Learning Outcomes
This class aims to:
1) aquaint students with theories of subjectivity, textuality and postmodernity.
2) familiarise students with the relationship between postmodernism, ideological systems and lived experience.
3) develop students’ skills as close readers, with texts being read for the way their formal features (chapter organization and structure, word choice, tone, imagery, silences, etc) elicit particular forms of emotional and intellectual response.
Course Content (Syllabus)
This course studies short stories and novels by representative British and Canadian women writers in the last 20-30 years, with particular emphasis on women writers’ attempt to reconstruct female subjectivity through the use of earlier myths and fairy tales. We make comparative readings of early written fairy tales (by Charles Perrault and the Grimm brothers) and recent revisions by writers such as Margaret Atwood and Angela Carter.

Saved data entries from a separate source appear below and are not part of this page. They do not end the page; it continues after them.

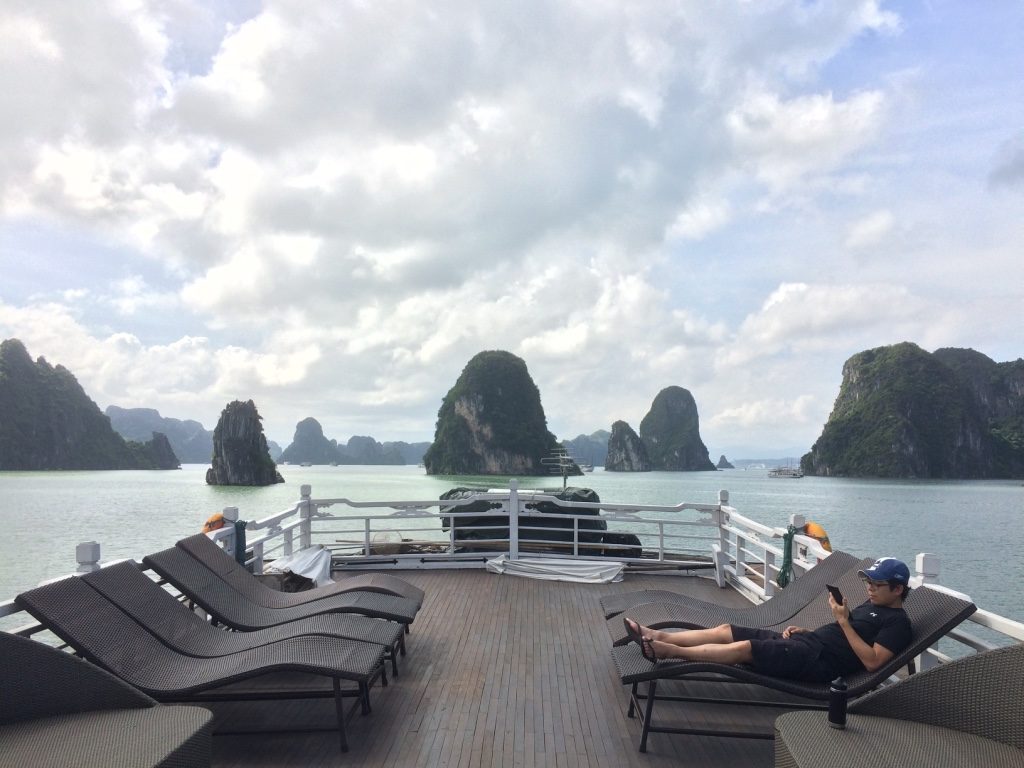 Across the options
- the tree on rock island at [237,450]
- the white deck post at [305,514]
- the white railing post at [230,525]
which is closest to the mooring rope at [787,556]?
the white railing post at [230,525]

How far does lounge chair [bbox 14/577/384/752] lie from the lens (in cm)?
284

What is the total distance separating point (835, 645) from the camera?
121 inches

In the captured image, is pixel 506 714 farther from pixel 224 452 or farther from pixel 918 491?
pixel 224 452

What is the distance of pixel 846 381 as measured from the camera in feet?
300

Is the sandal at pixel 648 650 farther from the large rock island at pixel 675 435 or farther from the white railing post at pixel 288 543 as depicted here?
the large rock island at pixel 675 435

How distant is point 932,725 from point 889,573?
79 cm

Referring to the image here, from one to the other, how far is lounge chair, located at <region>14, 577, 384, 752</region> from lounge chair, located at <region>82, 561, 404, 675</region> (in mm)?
69

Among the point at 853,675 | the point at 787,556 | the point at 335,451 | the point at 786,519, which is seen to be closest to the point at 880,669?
the point at 853,675

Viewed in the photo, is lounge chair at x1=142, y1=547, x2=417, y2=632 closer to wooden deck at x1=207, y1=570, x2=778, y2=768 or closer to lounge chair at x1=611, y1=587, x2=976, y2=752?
wooden deck at x1=207, y1=570, x2=778, y2=768

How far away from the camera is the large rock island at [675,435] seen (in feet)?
410

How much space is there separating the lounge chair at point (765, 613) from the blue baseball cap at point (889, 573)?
1.50 ft

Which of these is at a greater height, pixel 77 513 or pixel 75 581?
pixel 75 581

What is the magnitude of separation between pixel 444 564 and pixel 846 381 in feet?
312

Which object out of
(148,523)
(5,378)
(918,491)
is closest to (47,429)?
(5,378) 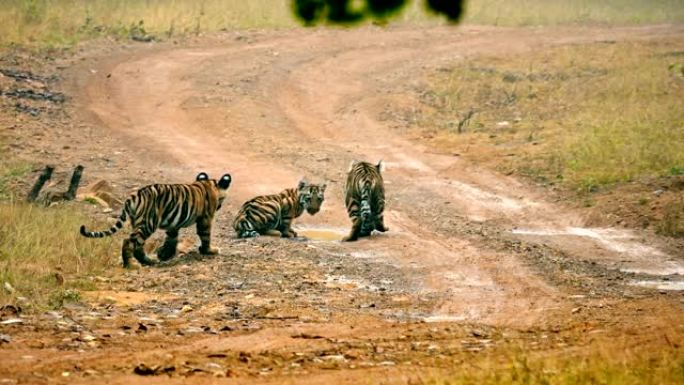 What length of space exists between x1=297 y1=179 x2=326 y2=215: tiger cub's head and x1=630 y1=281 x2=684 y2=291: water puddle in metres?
4.43

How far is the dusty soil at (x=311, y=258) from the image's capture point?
9695mm

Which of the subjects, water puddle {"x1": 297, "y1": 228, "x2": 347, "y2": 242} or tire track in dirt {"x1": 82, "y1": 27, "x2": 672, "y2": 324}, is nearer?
tire track in dirt {"x1": 82, "y1": 27, "x2": 672, "y2": 324}

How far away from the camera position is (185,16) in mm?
34656

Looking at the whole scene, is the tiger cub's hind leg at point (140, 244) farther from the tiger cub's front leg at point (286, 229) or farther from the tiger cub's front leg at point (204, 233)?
the tiger cub's front leg at point (286, 229)

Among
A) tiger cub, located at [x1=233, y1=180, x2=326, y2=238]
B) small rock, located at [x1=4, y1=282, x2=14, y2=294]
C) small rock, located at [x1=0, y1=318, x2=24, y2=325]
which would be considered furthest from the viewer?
tiger cub, located at [x1=233, y1=180, x2=326, y2=238]

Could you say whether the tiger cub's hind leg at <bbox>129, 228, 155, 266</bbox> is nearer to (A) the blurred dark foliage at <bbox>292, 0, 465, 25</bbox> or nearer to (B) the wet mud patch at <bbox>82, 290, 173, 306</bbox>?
(B) the wet mud patch at <bbox>82, 290, 173, 306</bbox>

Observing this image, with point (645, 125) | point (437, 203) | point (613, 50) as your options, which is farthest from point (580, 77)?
point (437, 203)

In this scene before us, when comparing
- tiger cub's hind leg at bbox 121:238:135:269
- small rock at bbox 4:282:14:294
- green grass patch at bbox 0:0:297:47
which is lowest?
tiger cub's hind leg at bbox 121:238:135:269

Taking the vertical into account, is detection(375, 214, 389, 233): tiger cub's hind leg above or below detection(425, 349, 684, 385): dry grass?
below

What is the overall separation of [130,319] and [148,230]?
9.60 ft

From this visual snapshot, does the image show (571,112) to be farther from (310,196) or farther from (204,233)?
(204,233)

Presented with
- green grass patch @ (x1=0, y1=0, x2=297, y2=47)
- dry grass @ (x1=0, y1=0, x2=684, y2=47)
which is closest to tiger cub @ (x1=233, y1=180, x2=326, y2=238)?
dry grass @ (x1=0, y1=0, x2=684, y2=47)

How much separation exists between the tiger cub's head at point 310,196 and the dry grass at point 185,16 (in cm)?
1086

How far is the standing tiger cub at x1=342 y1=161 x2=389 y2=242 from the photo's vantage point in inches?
626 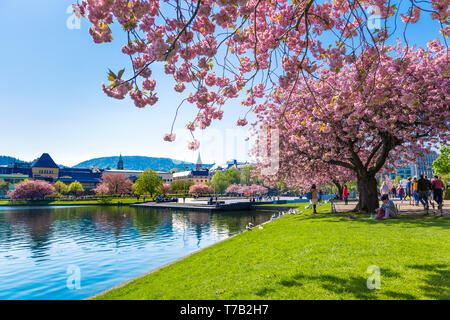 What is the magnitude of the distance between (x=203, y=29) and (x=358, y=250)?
7.38m

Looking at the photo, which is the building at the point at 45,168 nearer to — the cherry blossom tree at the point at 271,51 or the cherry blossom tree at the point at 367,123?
the cherry blossom tree at the point at 367,123

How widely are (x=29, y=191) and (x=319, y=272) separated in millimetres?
112264

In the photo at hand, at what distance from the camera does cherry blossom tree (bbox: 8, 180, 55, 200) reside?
95500 millimetres

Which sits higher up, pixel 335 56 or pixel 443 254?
pixel 335 56

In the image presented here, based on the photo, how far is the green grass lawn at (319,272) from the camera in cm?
538

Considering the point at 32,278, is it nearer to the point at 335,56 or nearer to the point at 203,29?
the point at 203,29

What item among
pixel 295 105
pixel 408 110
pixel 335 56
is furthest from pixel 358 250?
pixel 295 105

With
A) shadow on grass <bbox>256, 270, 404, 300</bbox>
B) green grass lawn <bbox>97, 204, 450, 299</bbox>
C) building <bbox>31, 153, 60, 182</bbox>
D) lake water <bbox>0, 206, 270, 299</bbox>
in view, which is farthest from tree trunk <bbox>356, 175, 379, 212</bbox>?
building <bbox>31, 153, 60, 182</bbox>

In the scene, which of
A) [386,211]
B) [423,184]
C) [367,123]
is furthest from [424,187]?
[367,123]

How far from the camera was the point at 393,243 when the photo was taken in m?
9.02

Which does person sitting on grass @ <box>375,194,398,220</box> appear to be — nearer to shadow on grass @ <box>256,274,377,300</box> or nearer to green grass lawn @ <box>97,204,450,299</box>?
green grass lawn @ <box>97,204,450,299</box>

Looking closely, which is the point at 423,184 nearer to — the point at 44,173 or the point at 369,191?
the point at 369,191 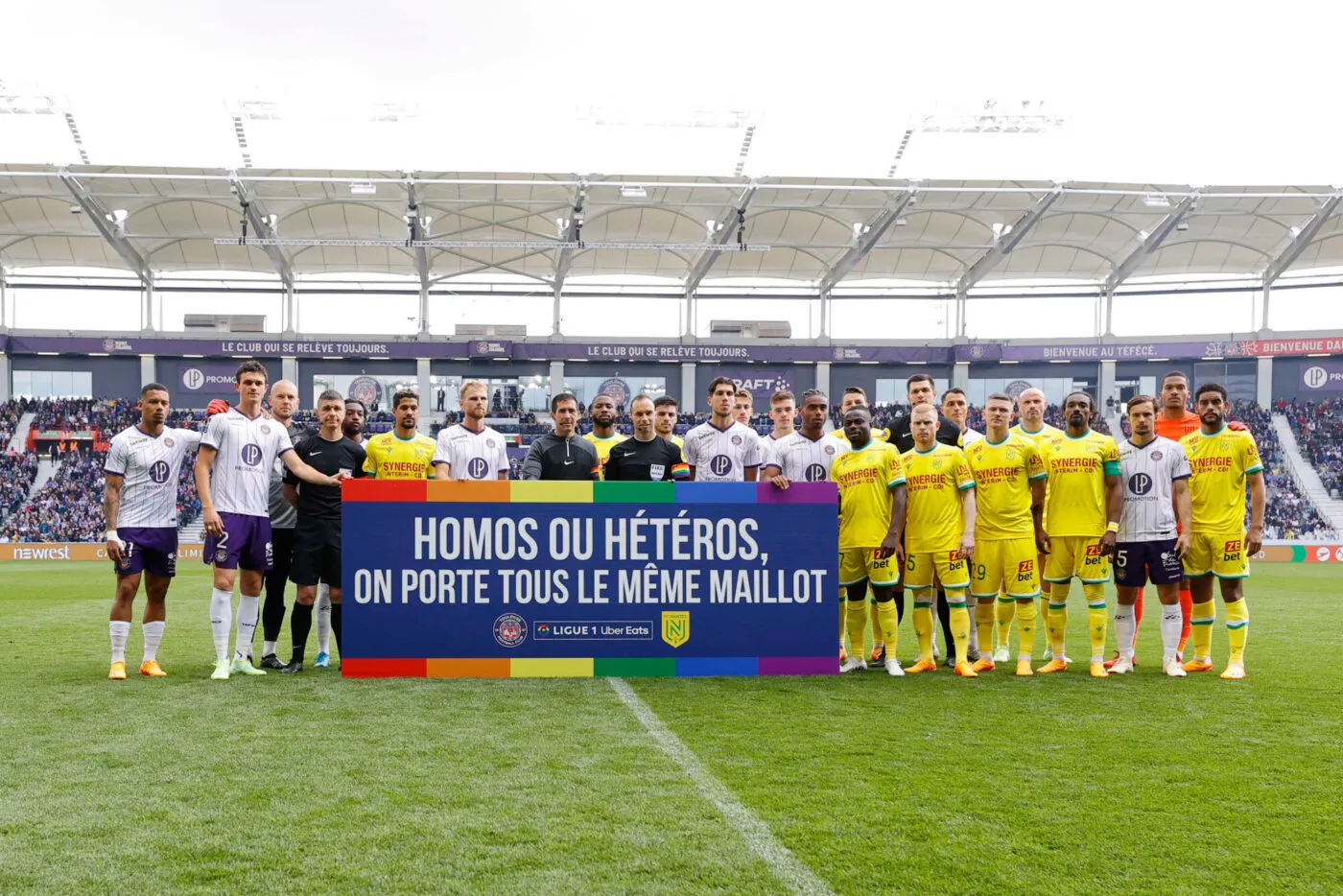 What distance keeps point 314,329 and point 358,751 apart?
1471 inches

In addition, Jeanette Winterson’s re-writing of the early books of the Old Testament in Oranges Are Not the Only Fruit is analysed in terms of feminist revisionism and inter-textuality. Through this process, analysis is made of changing constructions of femininity within on-going debates about its genetic, psychoanalytic and cultural determinants. The other main focus of the course is on postmodernity as a cultural phenomenon which has established new theories of authorship, readership and textuality.